The Beat Within, First Person, Ray Sanchez Jr., Posted: Mar 25, 2012
EDITOR’S NOTE: The author of this piece, Ray Sanchez Jr., is currently incarcerated at Pleasant Valley State Prison in California. He writes for The Beat Within, a division of Pacific News Service dedicated to providing incarcerated youth with consistent opportunities to share their ideas and life experiences in a safe space that encourages literacy, self-expression, critical thinking skills and healthy, supportive relationships with adults and their community. The Beat Within serves 5,000 incarcerated youth annually through its writing workshops, and publishes an 80-page bi-weekly magazine.
All the laughter stopped once the knife came out. The gravity of the situation cloaked the cell like a death shroud, and the glare in Chivo’s eyes seemed just as deadly as the piece in his hand.
“Sit down an’ quit actin’ like this is a game!”

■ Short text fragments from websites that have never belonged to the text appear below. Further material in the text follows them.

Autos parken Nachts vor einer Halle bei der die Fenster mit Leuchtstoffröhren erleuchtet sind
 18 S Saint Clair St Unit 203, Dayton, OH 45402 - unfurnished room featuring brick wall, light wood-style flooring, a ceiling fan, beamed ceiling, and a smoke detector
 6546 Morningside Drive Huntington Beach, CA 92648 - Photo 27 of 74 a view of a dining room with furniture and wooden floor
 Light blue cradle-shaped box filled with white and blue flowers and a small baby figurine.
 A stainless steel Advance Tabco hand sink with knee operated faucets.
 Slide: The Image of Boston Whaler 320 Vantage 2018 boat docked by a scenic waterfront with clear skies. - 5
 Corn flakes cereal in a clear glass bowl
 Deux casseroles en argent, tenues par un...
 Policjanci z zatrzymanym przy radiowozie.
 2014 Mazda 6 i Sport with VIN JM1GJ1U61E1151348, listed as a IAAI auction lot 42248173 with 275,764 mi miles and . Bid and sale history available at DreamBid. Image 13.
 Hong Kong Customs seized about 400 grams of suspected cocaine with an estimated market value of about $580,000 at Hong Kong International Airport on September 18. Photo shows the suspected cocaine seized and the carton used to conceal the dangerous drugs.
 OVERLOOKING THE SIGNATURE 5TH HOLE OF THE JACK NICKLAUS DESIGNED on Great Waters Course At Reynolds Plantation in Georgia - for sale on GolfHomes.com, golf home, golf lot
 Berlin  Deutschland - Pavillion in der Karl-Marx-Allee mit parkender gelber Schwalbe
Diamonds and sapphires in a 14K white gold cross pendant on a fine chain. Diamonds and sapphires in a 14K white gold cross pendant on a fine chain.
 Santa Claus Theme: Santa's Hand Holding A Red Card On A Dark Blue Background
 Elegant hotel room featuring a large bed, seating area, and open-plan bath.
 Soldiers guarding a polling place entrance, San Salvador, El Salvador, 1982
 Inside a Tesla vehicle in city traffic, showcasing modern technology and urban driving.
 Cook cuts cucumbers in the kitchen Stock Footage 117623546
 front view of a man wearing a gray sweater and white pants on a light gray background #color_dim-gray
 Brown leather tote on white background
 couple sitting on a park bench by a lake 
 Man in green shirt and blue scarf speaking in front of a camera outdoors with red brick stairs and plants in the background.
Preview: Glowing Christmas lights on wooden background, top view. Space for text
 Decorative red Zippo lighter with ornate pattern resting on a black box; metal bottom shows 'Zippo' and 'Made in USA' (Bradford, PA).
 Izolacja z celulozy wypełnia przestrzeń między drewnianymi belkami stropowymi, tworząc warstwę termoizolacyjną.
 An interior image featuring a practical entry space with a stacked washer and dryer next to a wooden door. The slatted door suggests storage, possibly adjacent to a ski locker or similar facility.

His tone was too authoritative to consider rebelling against. As the three of us younger homies sat down and composed ourselves, Chivo allowed his expression to soften slightly, along with his posture, but maintained a firm grip on the knife.
I was eighteen, and this was my first time in county (jail). I thought I was on some grown man shit. Creeper was my cellie and only a few months older than I. Solo was twenty and had done two years in the CYA (California Youth Authority). Because of that, he was allowed to cell up wit’ OG Chivo from Frisco (San Francisco). He was about forty and had been in and out of the pen for over twenty years. He was usually mellow and goofed around with us, but yesterday, Solo decided to take a plea deal for seven years in the pen, and Chivo decided the fun an’ games was over. All the immature screwin’ around had no place on the prison yards, where veterans played politics that sacrificed youngsters like pawns.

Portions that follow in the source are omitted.